The problem => Could you retype exactly the lines below between the one holding "Set de figuras" and the one holding "premium impon Diamond Replica Bangles", inclusive, leaving out any pictures?

Provided records =>
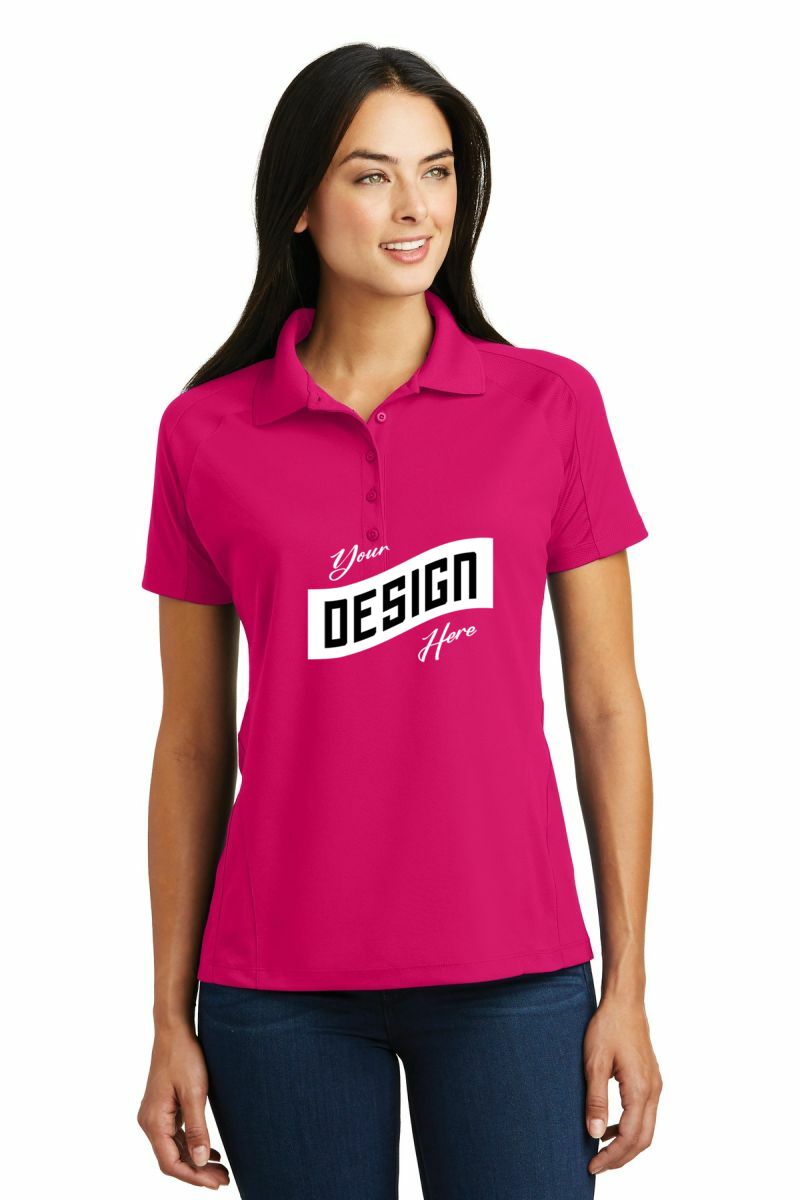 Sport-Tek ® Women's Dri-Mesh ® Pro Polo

==

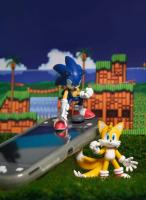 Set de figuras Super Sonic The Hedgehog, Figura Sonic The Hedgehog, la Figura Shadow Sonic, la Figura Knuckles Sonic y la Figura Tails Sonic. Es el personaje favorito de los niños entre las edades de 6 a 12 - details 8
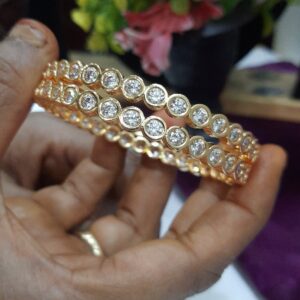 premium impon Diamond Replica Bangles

Written response =>
 Set de figuras Super Sonic The Hedgehog, Figura Sonic The Hedgehog, la Figura Shadow Sonic, la Figura Knuckles Sonic y la Figura Tails Sonic. Es el personaje favorito de los niños entre las edades de 6 a 12 - details 8
 premium impon Diamond Replica Bangles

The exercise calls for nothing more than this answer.